Les micro photographies de Chrystèle Lerisse et les installations lumineuses de Patrick Rimoux, dissociées dans le double espace de la galerie Baudoin-Lebon, produisent un écho silencieux. En évoluant sur la ligne sensible de l’image, les deux artistes nous invitent à réinterroger notre perception du visible.

En pénétrant dans la salle réservée aux photographies de Chrystèle Lerisse, le visiteur découvre une multitude de cadres, au format toujours identique (27 x 29 cm), rigoureusement regroupés en séries d’images noir et blanc. A plus de 50 centimètres, rien n’est encore lisible, et il faut s’approcher, jusqu’à atteindre l’intimité de l’oeuvre, pour distinguer ce que révèle la photographie, précieusement incrustée au centre de l’écrin blanc que constitue le cadre.

Chrystèle Lerisse se plaît à jouer du décalage entre le format de la photo, réduit à l’échelle du film, et l’immensité de ce qu’elle donne à voir. Ainsi, une forêt, enfermée dans un rectangle exigu de 5 cm sur 2, se mue, dans la pénombre, en une traînée noire et grise, laissant imaginer l’effleurement d’un pinceau ou la caresse d’un fusain.
Plusieurs séries, tantôt très obscures, tantôt très lumineuses, jouent sur la dichotomie entre un espace homogène, le ciel, et, sous le trait que dessine une ligne d’horizon ténue, le sol, criblé de taches, scories naturelles créant des ombres fantômes.

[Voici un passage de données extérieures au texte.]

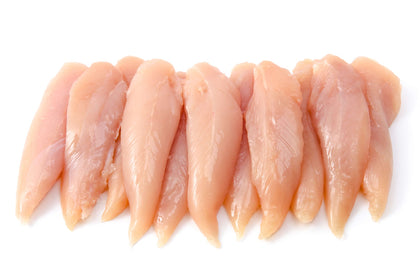 Hähnchen Brustfilet - Helal 1 Kg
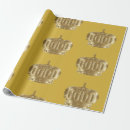 Sök efter kunglig krona presentpapper Vintage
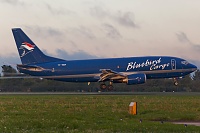 Boeing 737-36E(SF) - TF-BBF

L’identification visuelle de l’objet photographié (un champ, un toit, des arbres, etc.) est possible, mais elle ne va pas de soi. L’utilisation récurrente du flou pose la question de la représentation du visible, voué à se réincarner, transcendé par le regard en une matière sensible, ou à disparaître. C’est dans l’apparente disparition de l’objet au profit de la forme qu’il se révèle alors, pleinement.

Très différents dans la forme, les travaux de Patrick Rimoux ont pourtant quelque chose à voir avec les photographies de Chrystèle Lerisse, quant à l’utilisation de l’image et la distance de lecture de l’œuvre.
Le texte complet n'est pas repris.